Moderne Spiele nutzen Nvidia DLSS oder FSR-Upscaling, um die Leistung von Grafikkarten optimal auszureizen. Auch The Elder Scrolls IV: Oblivion Remastered setzt auf diese Technologien, um höhere Bildraten und eine bessere Grafikqualität zu ermöglichen. Doch ein neuer Patch hat viele erweiterte Grafikoptionen in der PC-Version des Action-RPGs entfernt – mit spürbaren Performance-Einbußen für einige Spieler.
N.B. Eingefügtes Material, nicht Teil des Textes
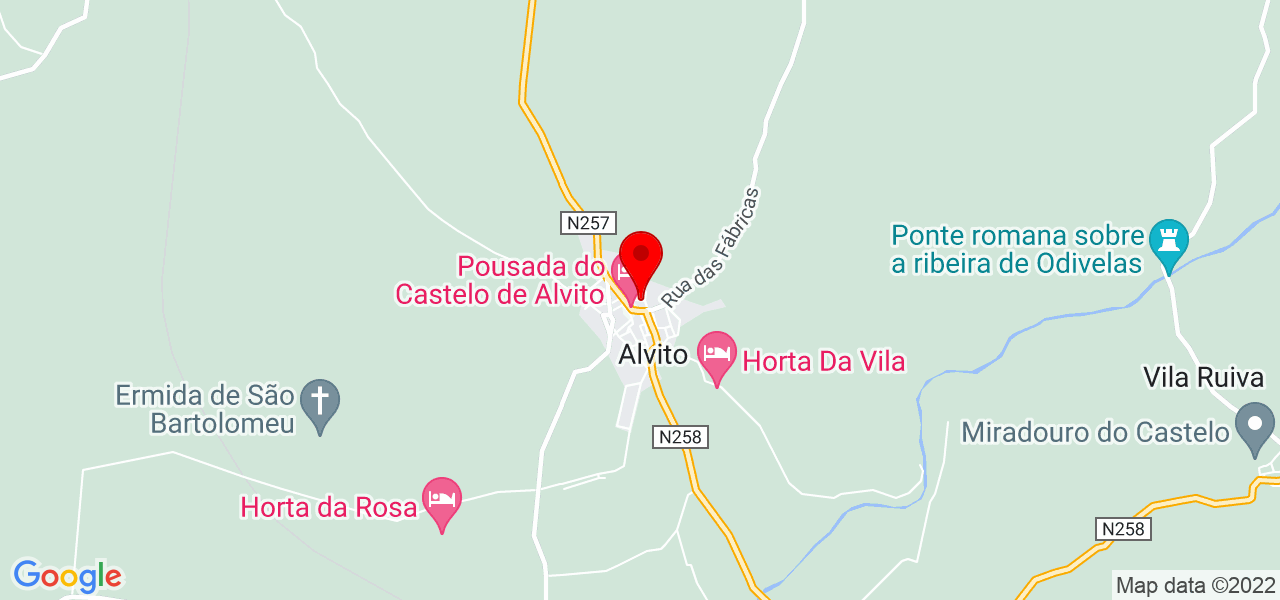 Tiago Concei&ccedil;&atilde;o - Beja - Alvito - Mapa
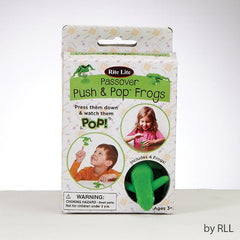 Passover Push & Pop Frogs (Set of 4)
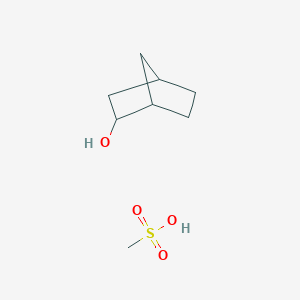molecular formula C8H16O4S B15167419 Methanesulfonic acid--bicyclo[2.2.1]heptan-2-ol (1/1) CAS No. 480430-22-6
Auf Reddit tauchten die ersten Berichte auf, nachdem Spieler ein neues 1,6 GB großes Update für The Elder Scrolls IV: Oblivion Remastered entdeckt hatten. Bisher scheint das Update nur die Xbox Game Pass PC-Version zu betreffen. Nach Berichten über fehlende DLSS- und FSR-Optionen haben jedoch viele Steam-Nutzer die automatischen Updates für das Spiel deaktiviert, aus Sorge, dass der fehlerhafte Patch bald auch auf Steam auftaucht.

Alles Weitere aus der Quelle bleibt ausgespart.